Authors Roy K, Kanwar R, Krishnakumar S, Cheung CHA, Kanwar J

Received 7 September 2014

Accepted for publication 16 October 2014

Published 2 February 2015 Volume 2015:10(1) Pages 1019—1043

DOI https://doi.org/10.2147/IJN.S73916

Checked for plagiarism Yes

Review by Single-blind

Peer reviewer comments 3

Editor who approved publication: Prof. Dr. Thomas J Webster


Kislay Roy,1 Rupinder K Kanwar,1 Subramanian Krishnakumar,2,3 Chun Hei Antonio Cheung,4 Jagat R Kanwar1

1Nanomedicine-Laboratory of Immunology and Molecular Biomedical Research (NLIMBR), Molecular and Medical Research (MMR) Strategic Research Centre, School of Medicine (SoM), Faculty of Health, Deakin University, Waurn Ponds, VIC, Australia; 2Department of Nanobiotechnology, 3Larsen & Toubro (L&T) Ocular Pathology Department, Vision Research Foundation, Kamalnayan Bajaj Institute for Research in Vision and Ophthalmology, Chennai, India; 4Department of Pharmacology, College of Medicine, National Cheng Kung University, Tainan, Taiwan, Republic of China

Abstract: Endogenous survivin expression has been related with cancer survival, drug resistance, and metastasis. Therapies targeting survivin have been shown to significantly inhibit tumor growth and recurrence. We found out that a cell-permeable dominant negative survivin (SurR9-C84A, referred to as SR9) competitively inhibited endogenous survivin and blocked the cell cycle at the G1/S phase.

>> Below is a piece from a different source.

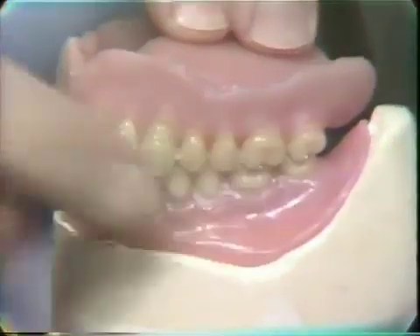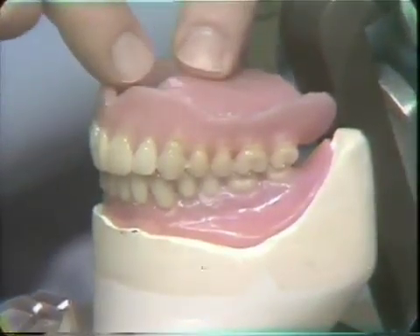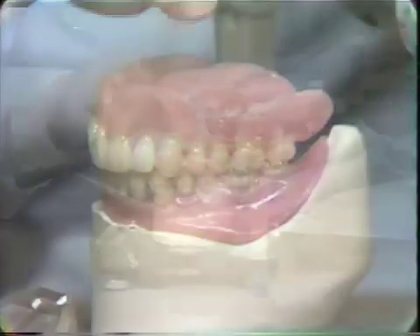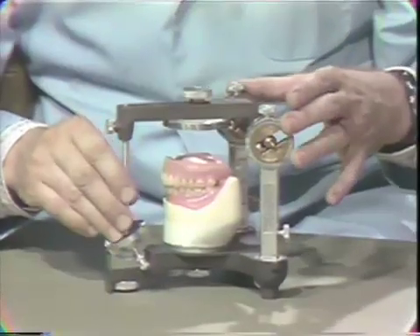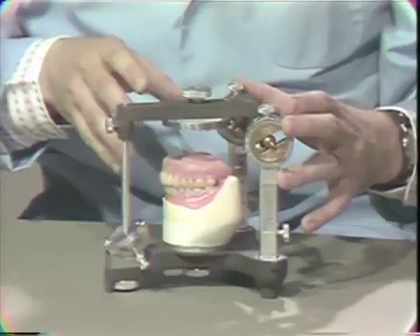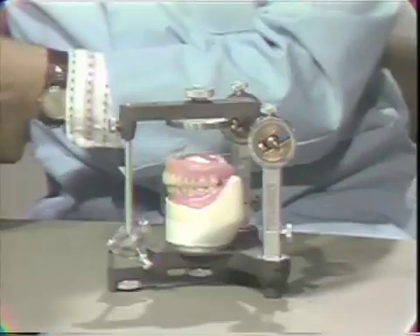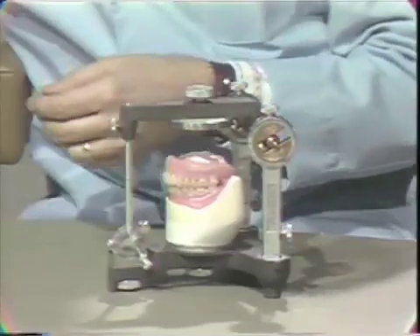We will lute these together with sticky wax, remove the undercut in the upper part of the denture with some block out — I'll show you that in a moment — and then go through the step just demonstrated. Putting a new ring on top of the articulator and impression plaster, close it down, and we have re-established a mounting on the articulator in the relationship that they were in when we set the teeth.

Nanoencapsulation in mucoadhesive chitosan nanoparticles (CHNP) substantially increased the bioavailability and serum stability of SR9. The mechanism of nanoparticle uptake was studied extensively in vitro and in ex vivo models. Our results confirmed that CHNP–SR9 protected primary cells from autophagy and successfully induced tumor-specific apoptosis via both extrinsic and intrinsic apoptotic pathways. CHNP–SR9 significantly reduced the tumor spheroid size (three-dimensional model) by nearly 7-fold. Effects of SR9 and CHNP–SR9 were studied on 35 key molecules involved in the apoptotic pathway. Highly significant (4.26-fold, P≤0.005) reduction in tumor volume was observed using an in vivo mouse xenograft colon cancer model. It was also observed that net apoptotic (6.25-fold, P≤0.005) and necrotic indexes (3.5-fold, P≤0.05) were comparatively higher in CHNP–SR9 when compared to void CHNP and CHNP–SR9 internalized more in cancer stem cells (4.5-fold, P≤0.005). We concluded that nanoformulation of SR9 did not reduce its therapeutic potential; however, nanoformulation provided SR9 with enhanced stability and better bioavailability. Our study presents a highly tumor-specific protein-based cancer therapy that has several advantages over the normally used chemotherapeutics.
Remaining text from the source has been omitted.